You can’t beat what the earth turns out at this time of year. Rainbow chard, squash, mushrooms, purple sprouting and Jerusalem artichokes are some of the mouth watering delights that arrive at The Firehouse Somerset’s kitchen door every morning from our local suppliers.

A myriad of colours, root vegetables galore, all the brassicas, delicious local fish being landed off the Devon and Dorset coast (when its not blowing a gale,) and feathery braces of game to be hung and plucked.

We try and keep it simple, champion each individual ingredient and marry traditional flavours well.

We are dedicated to putting as many Autumnal delights on our specials menu as we can to give our faithful customers a reason to come back and stick a fork in something new, interesting and simple but scrumptious. We look forward to our local delivery of game and this month were inspired to make a West Country coarse game terrine.

Terrines have been a restaurant mainstay for well over half a century. It is a great dinner party starter, which you can make the day before and slice and plate before your guests arrive, so you can enjoy a little aperitif without being chained to the kitchen.

Here is how we make ours.


A selection of lean game meat, about 1kg/2¼lb in all, which could include:

Breasts of pheasant (hung about 5 days)

Breasts of pigeon

Breasts of duck or other wild fowl

Saddle and hindquarters of 1 rabbit, boned

Saddle and hindquarters of hare, boned

Lean strips of venison (from the leg or fillet)

Oil or fat, for frying

For the forcemeat

500g/1lb2oz sausage meat

livers from all the game, finely chopped

2 handfuls fresh white breadcrumbs

1 egg

3 tbsp parsley, finely chopped

A few sprigs of thyme, leaves removed and chopped

5-6 juniper berries, crushed in pestle and mortar (if you have them)

2 cloves garlic, finely chopped

A splash of brandy

A splash of red wine

Salt and pepper

To line the dish

300g/10½oz streaky bacon, flattened with the back of a knife


In a large mixing bowl combine the sausage meat and the chopped livers from the game.

Next add the breadcrumbs, egg, parsley, thyme, juniper berries and garlic. Then the wine and brandy, season with the salt and pepper and mix everything together thoroughly, preferably with your hands.
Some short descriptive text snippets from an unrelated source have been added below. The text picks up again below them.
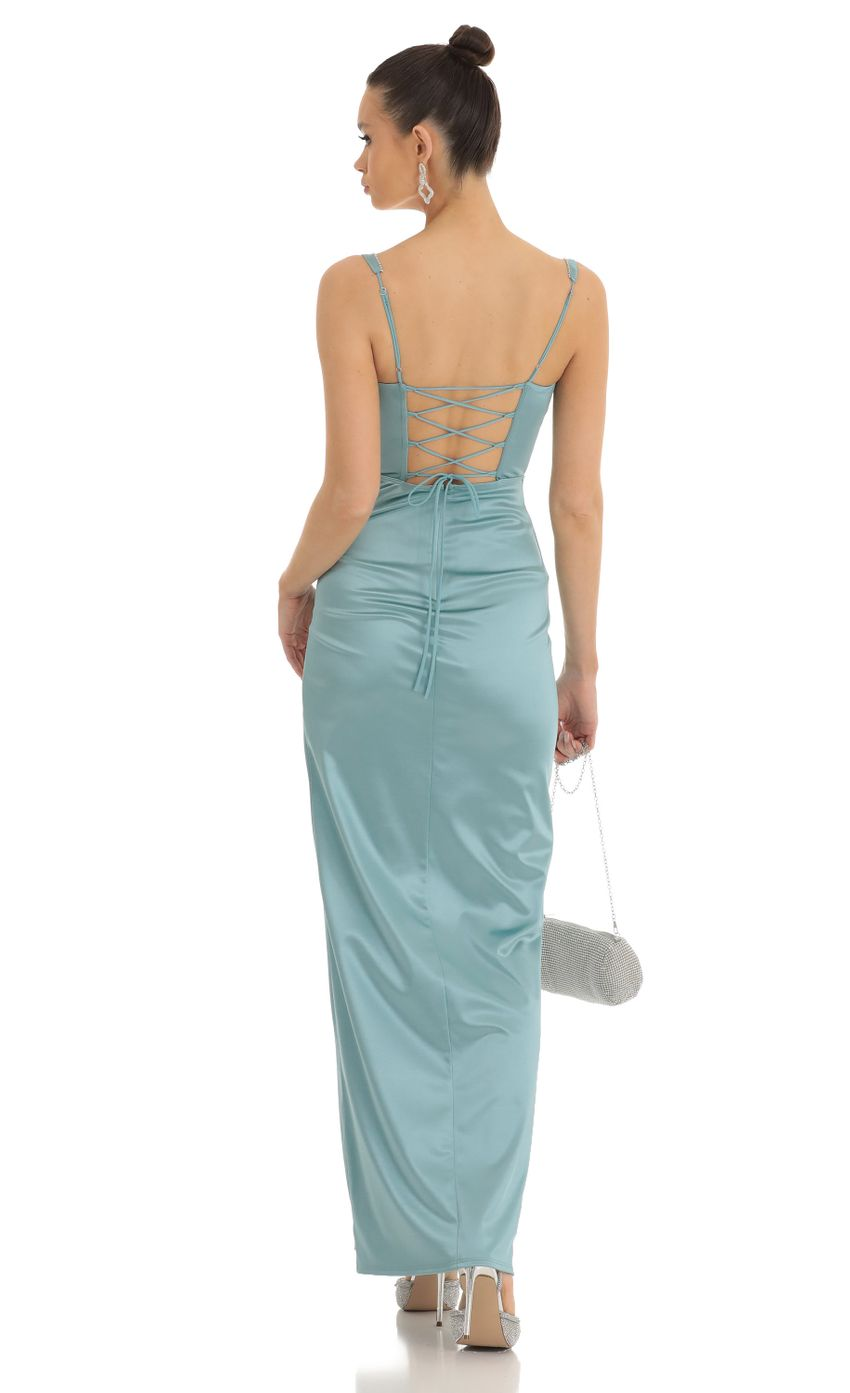 Lucy in the Sky Satin Rhinestone Maxi Dress 1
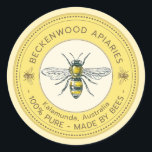 Honey Bee Label Yellow Beekeeper Apiary<br><div class="desc">Label your own honey, candles, beeswax and more with this vintage black and yellow honey bee honey sticker. Personalise with your apiary business name at the top and add in your location or address below. You can edit the descriptive text to match your product or keep it general to match...</div>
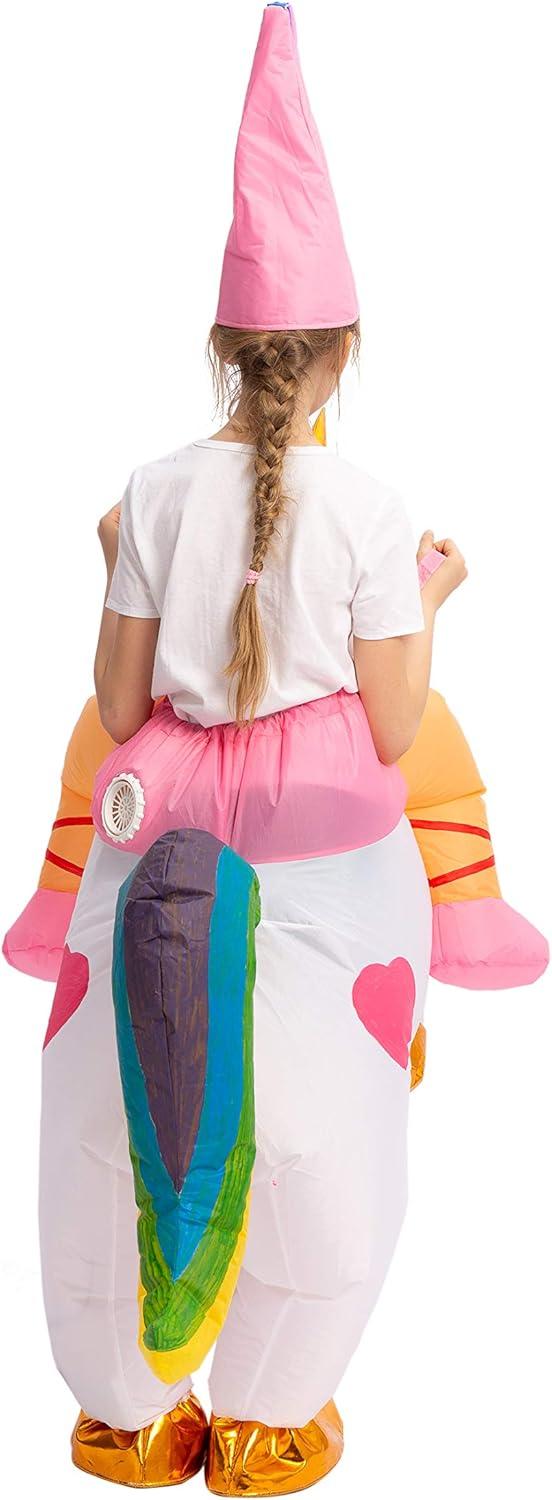 imageSpooktacular Creations Halloween Unicorn Costume Kids Inflatable Riding a Unicorn Colorful Air Blowup Deluxe Set with Hat Rideon Halloween Parties Costumes White 46 YrsWhite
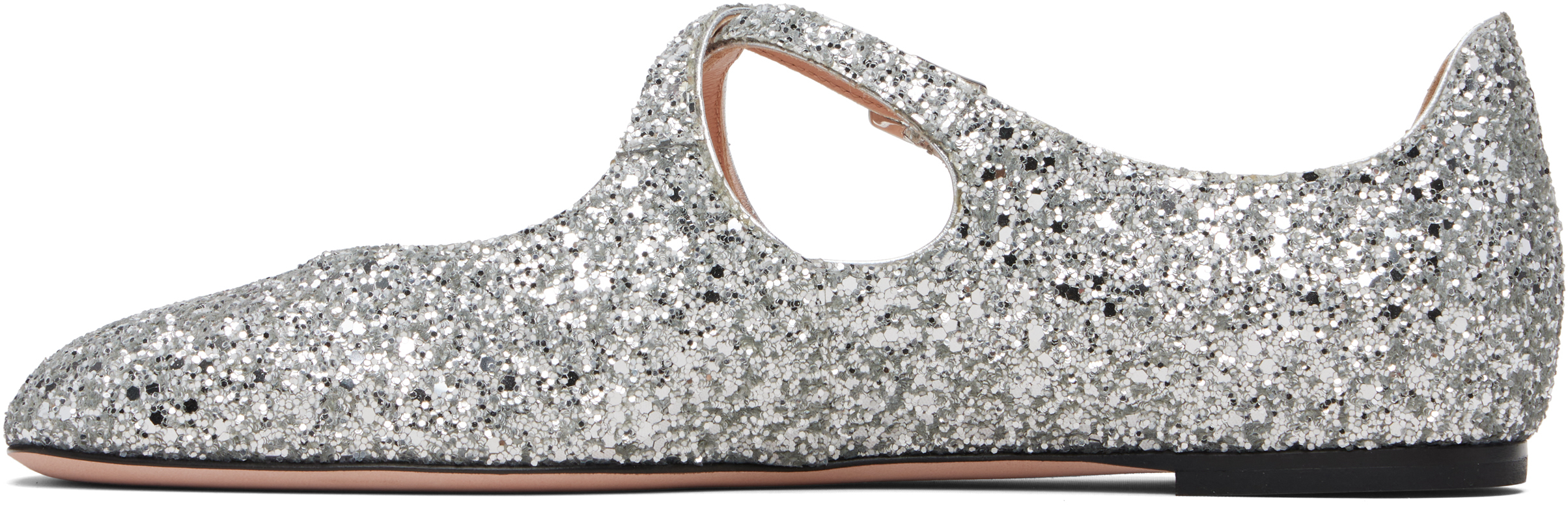 Bally Beliska Glittered Metallic Leather Ballet Flats In Silver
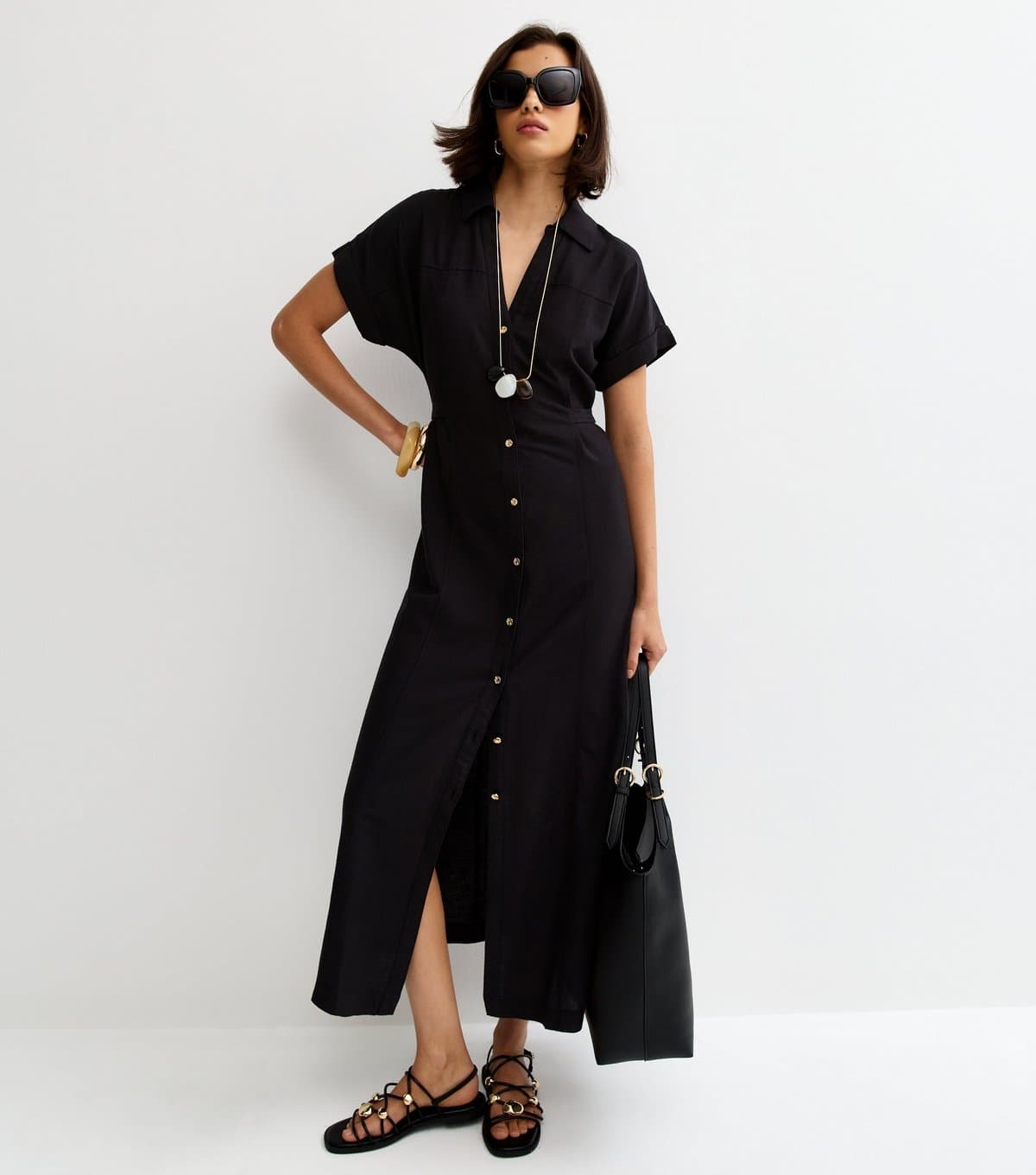 New Look Women's Black Linen Blend Shirt Midi Dress New Look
Cut the game meat into roughly same-size strips, about 2 fingers thick.

In a heavy-based frying pan heat the fat or oil and fry the game pieces for 2 minutes until nicely browned.

Line a loaf tin or ceramic terrine dish with the stretched rashers of streaky bacon. Add a layer of forcemeat followed by a layer of game meat, then a layer of forcemeat followed by another layer of game meat. (If you like, you can put the same kind of meat in each layer, ie a layer of rabbit, a layer of pigeon and then a layer of pheasant). However many layers you make (I usually go for three) be sure to finish with a layer of the forcemeat.

Fold the exposed strips of bacon over the top of the terrine and cover well with kitchen foil. If your terrine dish has a lid on it so much the better.

Place the terrine dish in a roasting tin half-filled with hot water. Cook in the oven at 160C/325F/Gas 3 for approximately 1½-2 hours. Test with a skewer to see if it is cooked, if the skewer does not come out of the terrine piping hot then it is not ready.

For the best possible texture and easy slicing, your terrine should be pressed as it cools. Find a piece of wood or plastic that fits snugly inside the terrine dish and weigh it down with a brick or two. (Another similar size dish or loaf tin with a brick inside often does the trick, but wrap it in cling film if you're using a tin.) Leave the terrine until completely cold for several hours or overnight.

To serve the terrine, slice it thickly with a very sharp knife, put on a plate with a small salad of lightly dressed green leaves and a blob of good fruit chutney. Serve with hot toast.